By George Raymondo | Mortgage Broker
or Lender in Chino Hills, CA

How Can I Raise My Credit Score?

How Can I Raise My Credit Score?

By George Raymondo

At least once a day I am contacted by someone who holds the belief that they may never have good enough credit to buy a home. Although each conversation is different, it's truly amazing how similar the stories have become. If you are one of those millions of Americans whose credit has taken a beating due to a loss of a job, divorce, health problems or you just haven't taken your credit obligations responsibly, let me give you some encouragement. Even the best of us have had some credit issues at one time or another. Whether you're millionaire or just a plain ole regular Joe, somewhere down the road you will need to get a loan for something. So taking a little time and improving your credit score even by just a few points just might seal the deal and help you succeed in getting your home loan approved and could ultimately help reduce your interest rate by a half percent or more. Here’s how to do it.

  • By improving your credit score by just a few points just might seal the deal and help you succeed in getting your home loan approved and could ultimately help reduce your interest rate by a half percent or more. Here’s how to do it.
  • Rule #1- Check your credit report regularly for errors that can lower your credit scores. Remember, every consumer receives one FREE Credit Report from the 3 major credit bureaus once a year. This enables you to monitor your credit for 30 days giving you the ability to dispute inaccurate reporting.
  • Rule #2- Pay down those high balances on your credit cards, this alone can improve your credit score relatively quickly. Shifting balances from one card to another doesn’t work anymore. The credit score modeling system is setup to look at your total debt.
  • Rule #3- Pay all revolving credit accounts before the statement cutoff date, not after the statements come in.

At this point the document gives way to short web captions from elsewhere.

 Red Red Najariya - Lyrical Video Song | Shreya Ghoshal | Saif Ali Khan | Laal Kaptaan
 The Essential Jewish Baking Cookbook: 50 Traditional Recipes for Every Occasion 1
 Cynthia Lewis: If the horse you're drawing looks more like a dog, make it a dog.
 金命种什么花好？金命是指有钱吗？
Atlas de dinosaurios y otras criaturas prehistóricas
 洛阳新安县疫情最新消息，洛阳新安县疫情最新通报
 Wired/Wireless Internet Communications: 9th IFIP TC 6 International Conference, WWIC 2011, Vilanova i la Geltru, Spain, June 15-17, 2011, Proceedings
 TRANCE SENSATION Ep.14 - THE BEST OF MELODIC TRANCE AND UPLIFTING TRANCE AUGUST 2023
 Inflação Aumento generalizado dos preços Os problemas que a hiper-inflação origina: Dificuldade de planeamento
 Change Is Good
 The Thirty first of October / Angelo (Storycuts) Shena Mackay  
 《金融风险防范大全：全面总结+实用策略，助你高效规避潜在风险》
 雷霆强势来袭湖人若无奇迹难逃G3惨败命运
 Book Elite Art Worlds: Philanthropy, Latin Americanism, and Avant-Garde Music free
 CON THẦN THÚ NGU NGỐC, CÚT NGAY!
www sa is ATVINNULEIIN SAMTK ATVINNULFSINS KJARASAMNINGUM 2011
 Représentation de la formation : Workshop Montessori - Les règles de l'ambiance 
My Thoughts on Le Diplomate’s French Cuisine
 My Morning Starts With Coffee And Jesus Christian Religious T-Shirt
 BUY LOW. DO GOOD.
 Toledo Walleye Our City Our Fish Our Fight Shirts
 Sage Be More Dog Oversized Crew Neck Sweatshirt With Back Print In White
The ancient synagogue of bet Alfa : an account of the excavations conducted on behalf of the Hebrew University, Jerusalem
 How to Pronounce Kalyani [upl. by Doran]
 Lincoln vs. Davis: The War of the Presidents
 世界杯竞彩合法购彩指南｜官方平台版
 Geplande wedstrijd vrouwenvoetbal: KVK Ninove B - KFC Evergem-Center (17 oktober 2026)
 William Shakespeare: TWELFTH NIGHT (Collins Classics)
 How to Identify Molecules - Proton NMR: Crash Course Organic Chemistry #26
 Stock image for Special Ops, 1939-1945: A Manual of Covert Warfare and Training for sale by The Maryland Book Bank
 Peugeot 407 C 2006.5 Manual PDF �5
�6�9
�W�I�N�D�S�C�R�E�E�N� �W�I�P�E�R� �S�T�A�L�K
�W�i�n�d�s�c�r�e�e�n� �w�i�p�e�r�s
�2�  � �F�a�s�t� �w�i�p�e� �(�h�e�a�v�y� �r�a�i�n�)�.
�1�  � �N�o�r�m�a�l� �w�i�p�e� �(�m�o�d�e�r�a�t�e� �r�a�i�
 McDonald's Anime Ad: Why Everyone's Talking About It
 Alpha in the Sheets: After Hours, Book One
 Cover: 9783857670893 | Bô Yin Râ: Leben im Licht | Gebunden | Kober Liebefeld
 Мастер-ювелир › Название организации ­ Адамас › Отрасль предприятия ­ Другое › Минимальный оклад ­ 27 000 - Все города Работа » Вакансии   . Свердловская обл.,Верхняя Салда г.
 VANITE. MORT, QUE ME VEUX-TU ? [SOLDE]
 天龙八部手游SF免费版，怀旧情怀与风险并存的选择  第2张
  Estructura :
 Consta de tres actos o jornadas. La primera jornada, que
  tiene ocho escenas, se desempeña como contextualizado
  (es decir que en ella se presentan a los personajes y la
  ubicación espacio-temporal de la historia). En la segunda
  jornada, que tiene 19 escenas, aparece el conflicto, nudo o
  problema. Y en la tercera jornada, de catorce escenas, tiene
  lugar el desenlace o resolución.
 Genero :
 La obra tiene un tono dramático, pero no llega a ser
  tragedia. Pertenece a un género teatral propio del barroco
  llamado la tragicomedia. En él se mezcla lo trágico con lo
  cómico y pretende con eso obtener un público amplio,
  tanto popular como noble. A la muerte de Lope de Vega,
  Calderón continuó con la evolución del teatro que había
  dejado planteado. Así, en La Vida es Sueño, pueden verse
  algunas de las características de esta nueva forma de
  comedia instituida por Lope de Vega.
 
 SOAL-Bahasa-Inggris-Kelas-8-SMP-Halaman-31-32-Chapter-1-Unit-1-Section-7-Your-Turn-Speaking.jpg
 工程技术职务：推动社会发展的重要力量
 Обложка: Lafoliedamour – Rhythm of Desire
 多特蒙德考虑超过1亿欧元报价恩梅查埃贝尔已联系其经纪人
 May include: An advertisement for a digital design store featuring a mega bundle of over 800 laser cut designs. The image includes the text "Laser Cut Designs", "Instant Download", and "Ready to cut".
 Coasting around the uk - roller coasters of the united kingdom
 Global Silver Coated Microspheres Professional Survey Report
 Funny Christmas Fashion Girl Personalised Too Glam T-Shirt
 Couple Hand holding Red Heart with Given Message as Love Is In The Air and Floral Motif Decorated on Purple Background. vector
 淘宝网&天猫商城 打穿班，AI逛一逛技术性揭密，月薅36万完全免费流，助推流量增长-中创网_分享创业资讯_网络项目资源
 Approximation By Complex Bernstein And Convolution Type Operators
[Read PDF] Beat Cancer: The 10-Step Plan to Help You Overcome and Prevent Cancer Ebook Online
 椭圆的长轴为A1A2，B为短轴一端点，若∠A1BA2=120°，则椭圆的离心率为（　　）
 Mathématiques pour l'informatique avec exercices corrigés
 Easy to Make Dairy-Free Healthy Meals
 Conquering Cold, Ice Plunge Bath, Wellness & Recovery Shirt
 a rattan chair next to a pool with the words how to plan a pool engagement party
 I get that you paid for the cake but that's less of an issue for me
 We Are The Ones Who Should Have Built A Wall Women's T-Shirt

This is a common mistake, and could make the different in getting your loan approved or having your escrow fallout.
  • Rule #4- If you can’t pay down your balances significantly, as least pay more than the minimum payment due on your accounts.
  • Rule #5- Know when your credit card statements posts. If at all possible, pay your balances in full each month before the due date. It’s a myth that credit scores are higher for people who carry balances on their accounts. That is a fallacy to get consumers to remain debtors in hopes of gaining interest revenue they bring in.
  • Rule #6- Two cards are better than one and three are better than two, but don't go crazy!  If you have just one credit card, your credit history may be viewed as too limited or in the event of a mishap, where a late payment is reported on your credit account, it will have a greater negative impact.
  • Rule #7- Don’t open any new accounts if you plan on starting the home loan process in the next 30-60 days. That account will not have sufficient time to rate. Be proactive not reactive. Be patient, doing the homework upfront will save you thousands in lender fees and higher interest rates.
  • Rule #8- Never ever go over your credit limit. Always stay at or slightly below your limit. This is also a common mistake that consumers make. They charge their credit cards up to the limit then are either hit with a late fee or annual membership fee. This inevitably happens when you least expect it.
  • Rule #9- Increase your credit limits if possible. Those consumers with secured credit cards, add to your deposits. By increasing your limit, your current debt becomes a smaller percentage of the total credit available to you. That alone will help raise your score. Do not in turn, charge up your credit card account again to the new higher limit, your score will tumble once again and you’ll be deeper debt and will have defeated the purpose.
  • Rule #10- Borrow from banks rather than finance companies when at all possible. Customers of finance companies are generally are charged higher rates and fees and thought of as a slightly higher risk.
  • Rule #11- Use your debit card rather than your credit card. Force yourself to be more frugal.Getting back to basics should be the new American Dream!
  • Rule #12- Be sure that the credit bureaus remove any derogatory information that’s older than seven years and a Bankruptcy that is older than 10 years. This should happen automatically, but sometimes you just got to stay alert.
  • Rule #13- Canceling unused cards is a bad move and will not raise your credit score. In fact, it will lower the score. That’s because having fewer credit cards increases the ratio of your debt to your open credit lines.
  • Rule #14- Before you go out and start disputing old collections and charge off accounts beware of this warning. This could come back to haunt you. By disputing an old collection or charge off that hasn't rated to the credit bureaus in years actual will hurt your scores if they come back and verify the debt. The scoring system will actually read that line item as a new or updated collection, most likely with a higher balance. Bad move! If a lender really requires a borrower to payoff a open collection or charge off, ask the lender to accept settlement of the debt through the escrow process. This will reduce the chance of the credit score dropping in the 11th hour causing your loan to be denied. With the changes in lending guidelines, more than likely you will need to remove any disputed line items on your credit report even if it has been paid. It's not like the old days when a disputed items meant it could be overlooked. Those days are gone.
  • Final Rule- Never ever ever cancel your oldest credit card(s), this could be really a costly mistake. Longevity is a major factor in the credit scoring system. Accounts with longer payment histories flag your file as an experienced user of credit, not an abuser of credit, which is exactly what lenders are looking for. Good Luck!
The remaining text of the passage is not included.